### WHAT IS NEEDED
The whole listing is to be written out again exactly; the pictures are not.

### SOURCE MATERIAL
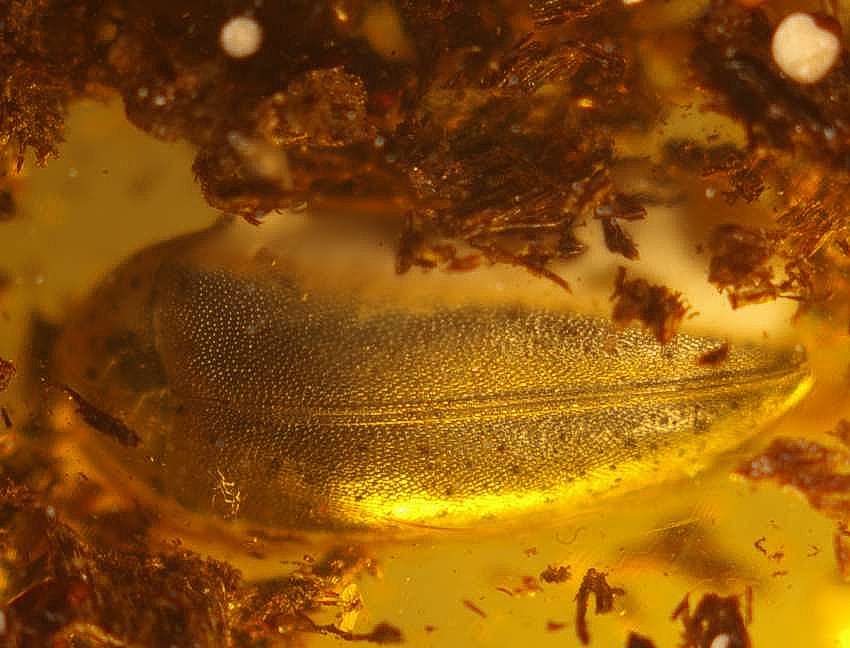 Fossil beetle Melandryidae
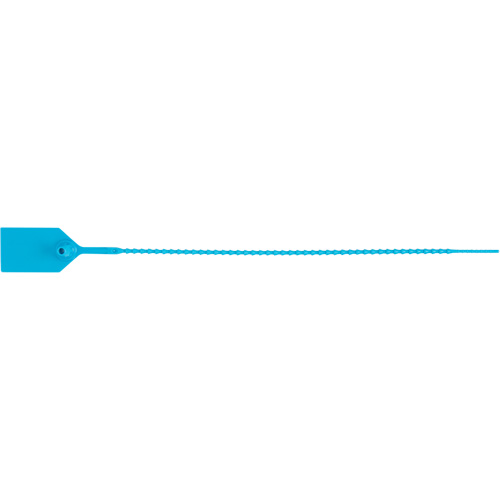 Scell&eacute; de s&eacute;curit&eacute; standard, 12", Plastique, Scell&eacute; en plastique Pathway Supply LP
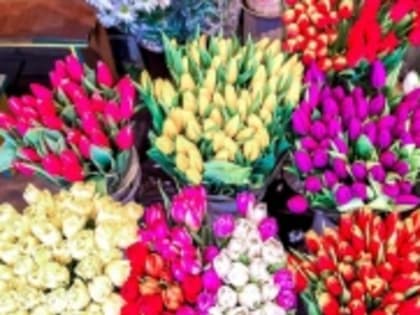 Начали свою работу краткосрочные ярмарки по продаже цветочной продукции, приуроченные к празднованию  8 Марта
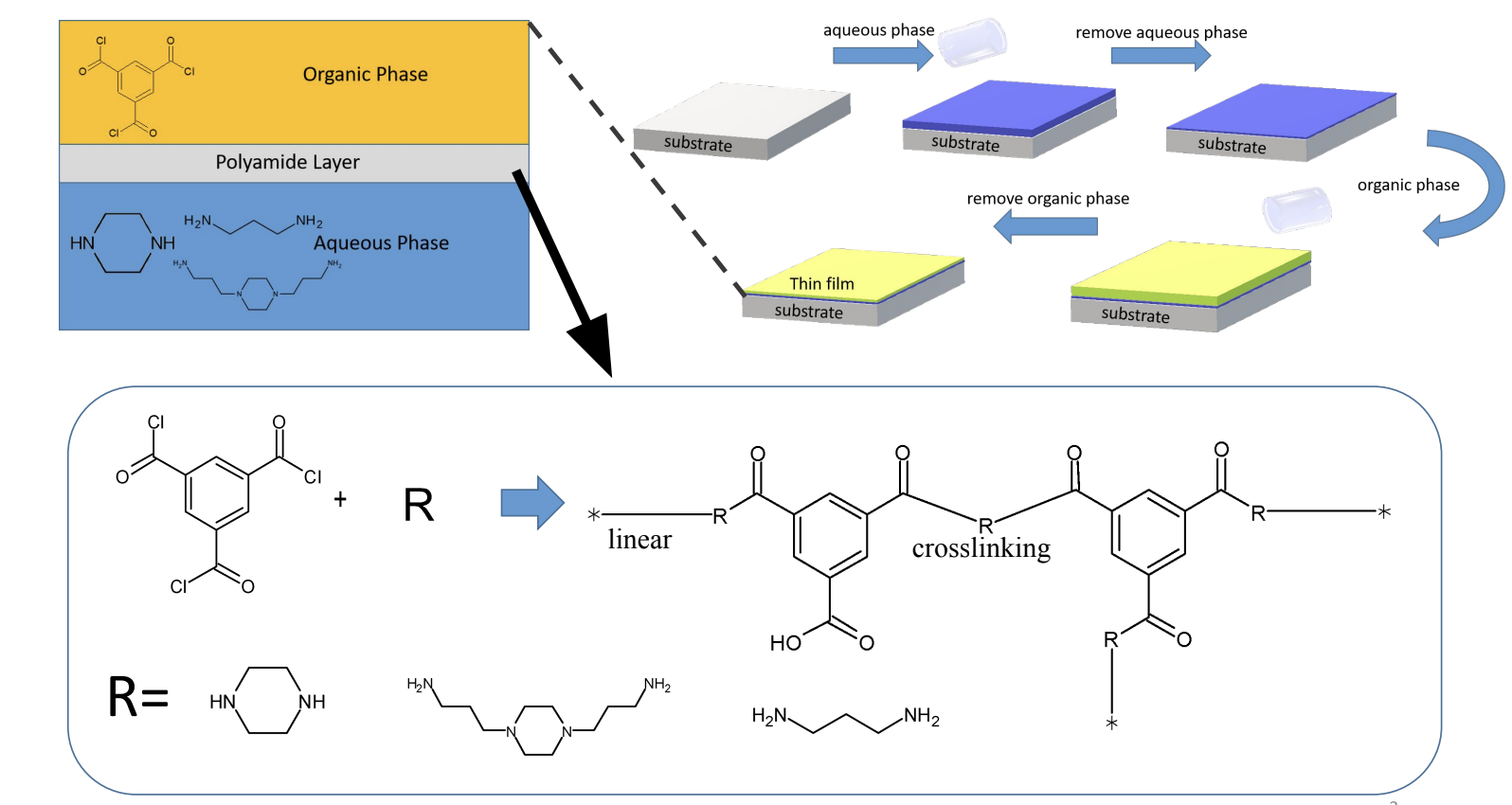 Thin-Film Composite (TFC) Membrane for High Performance Waste Water Treatment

### RESULT OF THIS EXERCISE
 Fossil beetle Melandryidae
 Scell&eacute; de s&eacute;curit&eacute; standard, 12", Plastique, Scell&eacute; en plastique Pathway Supply LP
 Начали свою работу краткосрочные ярмарки по продаже цветочной продукции, приуроченные к празднованию  8 Марта
 Thin-Film Composite (TFC) Membrane for High Performance Waste Water Treatment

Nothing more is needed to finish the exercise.